From Nicholas P. Trist

[September 1827]

You will find in No. 3 (as marked by me) some new details respecting your early career, as well as that of Mr Jefferson. I send Nos 1. & 2. as introductory: The letters from R.D.O., I mean—which are marked with //.1

You will perceive that the clergy are seriously—many of them conscientiously—bent on organizing a “christian Party in politics.”2 We may yet be destined in this country to a fearful struggle on this mischief-breeding subject. I have, for some years, watched the signs. Should it ever come, the Land of the Puritans will be the Rock of my Hope.

Do not write: but return the papers when convenient. I fear from not receiving the letter you read to me that your rheumatism is more obstinate than I hoped it would prove.

Friendly respects for Mr Todd; and for Mrs. Madison & yourself, all affection.
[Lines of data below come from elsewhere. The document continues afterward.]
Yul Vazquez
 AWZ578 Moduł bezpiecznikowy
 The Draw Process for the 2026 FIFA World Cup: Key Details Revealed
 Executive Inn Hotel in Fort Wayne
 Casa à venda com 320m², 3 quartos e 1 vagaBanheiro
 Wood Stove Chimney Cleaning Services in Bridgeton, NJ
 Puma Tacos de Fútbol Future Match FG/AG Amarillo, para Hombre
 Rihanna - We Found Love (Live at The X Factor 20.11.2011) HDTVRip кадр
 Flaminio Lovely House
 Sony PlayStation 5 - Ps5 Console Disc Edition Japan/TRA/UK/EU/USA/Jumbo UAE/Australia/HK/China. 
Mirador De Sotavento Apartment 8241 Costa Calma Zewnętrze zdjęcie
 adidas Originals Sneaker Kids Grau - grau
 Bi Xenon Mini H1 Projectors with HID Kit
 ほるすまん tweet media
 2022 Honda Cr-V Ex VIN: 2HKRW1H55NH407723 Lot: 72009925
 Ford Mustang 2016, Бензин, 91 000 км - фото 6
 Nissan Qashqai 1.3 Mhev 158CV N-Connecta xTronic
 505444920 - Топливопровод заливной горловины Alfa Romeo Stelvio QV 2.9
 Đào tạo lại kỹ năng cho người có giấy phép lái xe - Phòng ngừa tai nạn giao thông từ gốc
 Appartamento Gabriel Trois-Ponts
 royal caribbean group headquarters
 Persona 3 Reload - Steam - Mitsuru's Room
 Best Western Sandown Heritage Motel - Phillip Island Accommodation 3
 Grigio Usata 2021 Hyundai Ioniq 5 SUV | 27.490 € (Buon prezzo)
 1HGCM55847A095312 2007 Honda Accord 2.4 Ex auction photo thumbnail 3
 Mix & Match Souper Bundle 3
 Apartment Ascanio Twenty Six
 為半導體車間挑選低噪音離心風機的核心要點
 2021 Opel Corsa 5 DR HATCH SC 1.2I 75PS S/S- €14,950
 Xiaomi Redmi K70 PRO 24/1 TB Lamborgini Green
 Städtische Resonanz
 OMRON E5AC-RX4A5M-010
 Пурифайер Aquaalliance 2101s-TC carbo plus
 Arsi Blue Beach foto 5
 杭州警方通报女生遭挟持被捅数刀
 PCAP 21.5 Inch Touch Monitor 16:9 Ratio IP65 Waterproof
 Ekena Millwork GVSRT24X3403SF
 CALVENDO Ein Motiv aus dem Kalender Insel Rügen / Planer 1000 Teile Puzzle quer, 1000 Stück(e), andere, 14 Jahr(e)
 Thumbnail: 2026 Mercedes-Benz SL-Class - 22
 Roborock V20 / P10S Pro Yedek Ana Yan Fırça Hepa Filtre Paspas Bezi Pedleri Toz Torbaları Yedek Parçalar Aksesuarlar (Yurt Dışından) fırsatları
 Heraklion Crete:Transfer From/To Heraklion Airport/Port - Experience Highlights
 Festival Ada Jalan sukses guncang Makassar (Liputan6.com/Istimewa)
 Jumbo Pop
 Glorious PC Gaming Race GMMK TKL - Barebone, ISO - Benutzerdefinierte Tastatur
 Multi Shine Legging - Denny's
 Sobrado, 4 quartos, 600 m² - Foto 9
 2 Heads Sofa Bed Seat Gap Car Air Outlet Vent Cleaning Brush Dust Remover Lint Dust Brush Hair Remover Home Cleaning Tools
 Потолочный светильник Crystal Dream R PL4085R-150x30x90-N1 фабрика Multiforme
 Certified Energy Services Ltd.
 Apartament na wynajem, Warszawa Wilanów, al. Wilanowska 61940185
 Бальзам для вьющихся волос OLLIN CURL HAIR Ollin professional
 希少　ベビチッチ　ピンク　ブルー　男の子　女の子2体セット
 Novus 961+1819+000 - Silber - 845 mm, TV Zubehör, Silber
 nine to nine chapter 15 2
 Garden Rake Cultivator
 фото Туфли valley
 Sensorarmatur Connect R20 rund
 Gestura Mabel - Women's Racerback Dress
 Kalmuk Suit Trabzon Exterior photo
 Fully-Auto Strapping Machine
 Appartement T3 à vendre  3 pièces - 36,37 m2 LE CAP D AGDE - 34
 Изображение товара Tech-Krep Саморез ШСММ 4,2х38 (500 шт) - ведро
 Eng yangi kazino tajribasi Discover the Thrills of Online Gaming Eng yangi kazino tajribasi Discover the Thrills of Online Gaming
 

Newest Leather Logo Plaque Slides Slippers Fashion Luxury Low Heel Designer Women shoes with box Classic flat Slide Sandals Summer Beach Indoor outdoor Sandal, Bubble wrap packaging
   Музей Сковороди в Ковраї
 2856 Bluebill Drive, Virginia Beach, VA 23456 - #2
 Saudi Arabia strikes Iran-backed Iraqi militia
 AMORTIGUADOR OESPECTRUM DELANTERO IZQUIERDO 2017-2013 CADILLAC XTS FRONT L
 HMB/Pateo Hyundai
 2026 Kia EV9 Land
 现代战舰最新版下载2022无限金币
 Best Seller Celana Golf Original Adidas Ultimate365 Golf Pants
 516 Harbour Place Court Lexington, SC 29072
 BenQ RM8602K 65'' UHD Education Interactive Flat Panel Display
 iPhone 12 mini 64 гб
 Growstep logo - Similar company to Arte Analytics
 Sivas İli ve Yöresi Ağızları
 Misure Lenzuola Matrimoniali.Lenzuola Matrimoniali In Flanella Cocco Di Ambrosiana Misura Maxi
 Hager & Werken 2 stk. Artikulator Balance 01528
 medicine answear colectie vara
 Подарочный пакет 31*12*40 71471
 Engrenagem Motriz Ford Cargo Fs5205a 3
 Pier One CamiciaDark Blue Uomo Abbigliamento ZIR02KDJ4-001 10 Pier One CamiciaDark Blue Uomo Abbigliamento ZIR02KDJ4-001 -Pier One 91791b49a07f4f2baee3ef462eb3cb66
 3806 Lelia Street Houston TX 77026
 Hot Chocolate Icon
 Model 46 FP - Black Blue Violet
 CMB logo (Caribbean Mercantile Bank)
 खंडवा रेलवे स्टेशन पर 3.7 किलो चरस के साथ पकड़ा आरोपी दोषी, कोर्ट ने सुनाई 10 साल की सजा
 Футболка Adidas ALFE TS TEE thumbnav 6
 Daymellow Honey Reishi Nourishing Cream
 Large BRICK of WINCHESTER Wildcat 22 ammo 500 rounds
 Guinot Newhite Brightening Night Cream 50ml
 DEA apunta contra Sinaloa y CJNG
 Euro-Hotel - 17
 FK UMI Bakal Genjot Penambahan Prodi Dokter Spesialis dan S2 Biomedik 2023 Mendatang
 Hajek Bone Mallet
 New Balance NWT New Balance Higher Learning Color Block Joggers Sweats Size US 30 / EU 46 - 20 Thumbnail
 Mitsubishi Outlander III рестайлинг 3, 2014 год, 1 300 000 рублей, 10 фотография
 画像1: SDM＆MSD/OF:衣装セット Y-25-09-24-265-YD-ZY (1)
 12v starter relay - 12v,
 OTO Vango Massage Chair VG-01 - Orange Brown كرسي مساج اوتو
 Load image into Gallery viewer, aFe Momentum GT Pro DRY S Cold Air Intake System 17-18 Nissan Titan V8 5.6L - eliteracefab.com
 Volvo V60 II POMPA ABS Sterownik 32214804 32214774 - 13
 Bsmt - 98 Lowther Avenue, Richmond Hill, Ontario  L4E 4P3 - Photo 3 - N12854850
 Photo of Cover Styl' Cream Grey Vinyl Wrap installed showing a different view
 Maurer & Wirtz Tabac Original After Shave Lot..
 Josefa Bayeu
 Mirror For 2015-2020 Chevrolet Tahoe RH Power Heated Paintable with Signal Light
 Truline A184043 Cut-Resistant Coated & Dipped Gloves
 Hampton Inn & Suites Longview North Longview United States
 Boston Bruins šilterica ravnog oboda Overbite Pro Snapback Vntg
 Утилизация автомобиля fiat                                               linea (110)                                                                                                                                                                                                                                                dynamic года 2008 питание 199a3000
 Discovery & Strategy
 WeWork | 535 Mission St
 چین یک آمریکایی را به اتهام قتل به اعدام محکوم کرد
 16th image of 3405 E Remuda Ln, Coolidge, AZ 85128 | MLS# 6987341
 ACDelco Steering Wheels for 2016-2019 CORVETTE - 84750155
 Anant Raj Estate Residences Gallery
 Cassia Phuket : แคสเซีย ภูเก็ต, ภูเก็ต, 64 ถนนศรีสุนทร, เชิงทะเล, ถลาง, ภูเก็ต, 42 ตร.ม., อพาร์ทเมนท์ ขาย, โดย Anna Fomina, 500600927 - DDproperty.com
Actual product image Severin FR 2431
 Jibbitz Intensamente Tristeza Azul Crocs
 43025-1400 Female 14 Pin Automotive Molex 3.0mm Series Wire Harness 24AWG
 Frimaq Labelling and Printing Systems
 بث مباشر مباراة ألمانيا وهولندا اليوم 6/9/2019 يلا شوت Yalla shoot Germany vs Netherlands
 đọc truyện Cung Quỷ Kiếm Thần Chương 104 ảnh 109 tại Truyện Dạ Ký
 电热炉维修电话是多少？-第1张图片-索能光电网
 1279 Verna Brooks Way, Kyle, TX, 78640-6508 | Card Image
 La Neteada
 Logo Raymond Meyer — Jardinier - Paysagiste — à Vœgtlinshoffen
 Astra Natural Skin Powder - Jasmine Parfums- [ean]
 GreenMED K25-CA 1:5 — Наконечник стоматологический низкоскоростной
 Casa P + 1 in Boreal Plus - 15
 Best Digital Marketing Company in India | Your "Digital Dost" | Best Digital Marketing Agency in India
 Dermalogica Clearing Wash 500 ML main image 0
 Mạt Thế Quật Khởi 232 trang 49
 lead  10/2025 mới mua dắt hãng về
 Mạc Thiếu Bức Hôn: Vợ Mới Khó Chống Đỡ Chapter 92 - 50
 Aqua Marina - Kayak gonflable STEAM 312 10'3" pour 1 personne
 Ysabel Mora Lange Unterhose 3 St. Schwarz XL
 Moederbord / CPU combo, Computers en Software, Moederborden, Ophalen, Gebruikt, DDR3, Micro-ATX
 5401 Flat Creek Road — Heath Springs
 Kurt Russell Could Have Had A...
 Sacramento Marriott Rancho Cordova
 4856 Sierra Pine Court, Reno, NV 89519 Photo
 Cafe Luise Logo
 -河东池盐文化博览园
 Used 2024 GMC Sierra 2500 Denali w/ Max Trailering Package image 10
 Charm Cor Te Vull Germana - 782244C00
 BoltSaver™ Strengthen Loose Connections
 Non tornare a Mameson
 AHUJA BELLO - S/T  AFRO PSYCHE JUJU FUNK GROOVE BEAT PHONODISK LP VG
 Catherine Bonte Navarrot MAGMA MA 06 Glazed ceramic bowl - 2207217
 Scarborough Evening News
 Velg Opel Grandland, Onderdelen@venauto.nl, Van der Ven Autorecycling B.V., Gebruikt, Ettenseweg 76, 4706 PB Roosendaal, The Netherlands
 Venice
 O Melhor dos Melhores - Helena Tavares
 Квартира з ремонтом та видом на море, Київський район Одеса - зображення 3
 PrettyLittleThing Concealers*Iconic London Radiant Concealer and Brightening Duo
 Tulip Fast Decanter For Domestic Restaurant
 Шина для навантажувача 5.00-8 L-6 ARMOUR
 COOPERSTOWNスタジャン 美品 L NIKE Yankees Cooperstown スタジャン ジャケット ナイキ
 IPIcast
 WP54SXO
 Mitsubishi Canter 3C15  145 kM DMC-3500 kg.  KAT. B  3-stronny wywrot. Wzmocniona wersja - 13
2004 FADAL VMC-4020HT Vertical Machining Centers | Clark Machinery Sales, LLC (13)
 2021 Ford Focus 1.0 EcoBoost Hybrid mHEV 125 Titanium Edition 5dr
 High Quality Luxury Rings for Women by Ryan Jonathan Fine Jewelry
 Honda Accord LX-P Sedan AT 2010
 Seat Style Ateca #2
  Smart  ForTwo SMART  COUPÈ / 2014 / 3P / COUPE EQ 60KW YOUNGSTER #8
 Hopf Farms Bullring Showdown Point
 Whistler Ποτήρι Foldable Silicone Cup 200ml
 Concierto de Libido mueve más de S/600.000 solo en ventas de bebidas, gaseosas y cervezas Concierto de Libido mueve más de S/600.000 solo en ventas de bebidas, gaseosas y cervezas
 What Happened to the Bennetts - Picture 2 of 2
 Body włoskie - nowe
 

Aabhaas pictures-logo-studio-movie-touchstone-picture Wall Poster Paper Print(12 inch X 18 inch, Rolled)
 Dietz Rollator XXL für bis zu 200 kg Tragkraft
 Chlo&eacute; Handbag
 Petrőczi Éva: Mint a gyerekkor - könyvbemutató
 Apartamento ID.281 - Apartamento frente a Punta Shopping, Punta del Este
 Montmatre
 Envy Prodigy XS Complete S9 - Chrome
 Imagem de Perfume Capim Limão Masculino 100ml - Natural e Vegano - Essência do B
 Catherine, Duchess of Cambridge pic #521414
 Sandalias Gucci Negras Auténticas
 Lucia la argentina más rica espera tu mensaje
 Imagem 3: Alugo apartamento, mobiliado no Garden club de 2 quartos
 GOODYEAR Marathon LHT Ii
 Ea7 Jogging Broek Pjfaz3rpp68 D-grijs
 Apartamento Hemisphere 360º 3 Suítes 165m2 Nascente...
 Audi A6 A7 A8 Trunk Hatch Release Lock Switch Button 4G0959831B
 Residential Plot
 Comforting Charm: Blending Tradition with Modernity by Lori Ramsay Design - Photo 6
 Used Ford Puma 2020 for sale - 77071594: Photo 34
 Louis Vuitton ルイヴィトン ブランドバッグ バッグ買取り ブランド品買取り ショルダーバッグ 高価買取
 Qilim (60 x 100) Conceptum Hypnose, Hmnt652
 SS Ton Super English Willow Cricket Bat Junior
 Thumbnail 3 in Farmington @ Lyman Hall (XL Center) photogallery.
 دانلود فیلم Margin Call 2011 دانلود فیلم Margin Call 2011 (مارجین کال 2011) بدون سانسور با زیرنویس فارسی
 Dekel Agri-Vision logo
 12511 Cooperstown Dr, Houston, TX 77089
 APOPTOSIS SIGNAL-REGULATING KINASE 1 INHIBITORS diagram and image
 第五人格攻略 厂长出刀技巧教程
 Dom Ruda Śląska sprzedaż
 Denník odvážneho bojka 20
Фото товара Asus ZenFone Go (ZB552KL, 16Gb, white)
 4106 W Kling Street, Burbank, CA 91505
RC (ViHi: Nicholas P. Trist Album Book). Undated; conjectural date assigned based on the publication of Ezra Stiles Ely’s discourse (see n. 2 below).

1Letters not found.

2An excerpt from Ely’s “Duty of Christian Freemen to Elect Christian Rulers,” delivered on 4 July 1827 in Philadelphia’s Seventh Presbyterian Church, was published in the September 1827 issue of the Philadelphia Reformer (“Religious Rulers, or Church and State,” 135—37). In this discourse, Ely called for “a Christian party in politics,” by which he meant a broad coalition of various Protestant denominations that should reject any candidate for political office who was not “professedly friendly to Christianity, and a believer in Divine Revelation.”